Radiohead bassist Colin Greenwood was interviewed on the BBC news programme Newsnight last night (July 27) about the implications for the music industry of a California Court ruling in favour of the Recording Industry Association Of America – effectively forcing Napster to remove all copyrighted MP3 files by midnight tonight.
Speaking as part of a debate, Greenwood remained in favour of the controversial file-sharing technology, accusing major record companies of having their “head in the sand”. He said: “I wouldn’t want to defend people who are making money out of our music but at the same time the important thing is to embrace this technology and not put your head in the sand like so many record companies have done because it is not going away.
“For us as a group it has given us a new lease of life because it has enabled us to do various things like perform live concerts, webcasts from our studio, shoot videos ourselves which cost a fraction of video budgets normally.”
Greenwood also cited the example of the band’s recent European tour – within hours most of their shows were available in full on Napster.
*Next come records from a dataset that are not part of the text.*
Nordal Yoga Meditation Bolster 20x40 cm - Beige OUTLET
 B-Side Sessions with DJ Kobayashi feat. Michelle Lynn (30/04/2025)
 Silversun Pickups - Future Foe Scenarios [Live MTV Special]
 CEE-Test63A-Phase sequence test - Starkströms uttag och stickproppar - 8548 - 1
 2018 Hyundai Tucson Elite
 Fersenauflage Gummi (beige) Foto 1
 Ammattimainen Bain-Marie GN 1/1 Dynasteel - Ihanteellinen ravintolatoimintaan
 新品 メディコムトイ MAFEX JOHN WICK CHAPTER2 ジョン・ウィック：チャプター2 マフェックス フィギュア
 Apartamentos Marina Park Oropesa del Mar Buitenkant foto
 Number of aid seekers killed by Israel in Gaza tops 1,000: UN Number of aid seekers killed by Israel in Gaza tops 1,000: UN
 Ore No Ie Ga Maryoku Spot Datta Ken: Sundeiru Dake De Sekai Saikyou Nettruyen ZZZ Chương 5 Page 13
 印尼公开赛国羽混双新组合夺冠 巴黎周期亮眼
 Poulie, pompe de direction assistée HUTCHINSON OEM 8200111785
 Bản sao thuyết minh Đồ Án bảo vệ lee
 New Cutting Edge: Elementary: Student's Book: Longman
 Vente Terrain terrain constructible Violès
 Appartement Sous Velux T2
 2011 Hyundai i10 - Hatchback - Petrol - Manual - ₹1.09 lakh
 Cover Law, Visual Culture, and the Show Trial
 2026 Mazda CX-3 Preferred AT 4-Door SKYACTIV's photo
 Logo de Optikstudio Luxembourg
He continued: “We have just finished a tour, we played in Barcelona, the next day the entire performance was up on Napster and three weeks later when we got to play in Israel the audience knew the words to all the new songs and it was wonderful.
“Digital music is just one of many things that contribute to an artist getting their message across and of course it is going to change record companies are going to have to embrace it and change with it and find different ways of getting revenue, maybe using Napster as a business model for their own on-line thing.”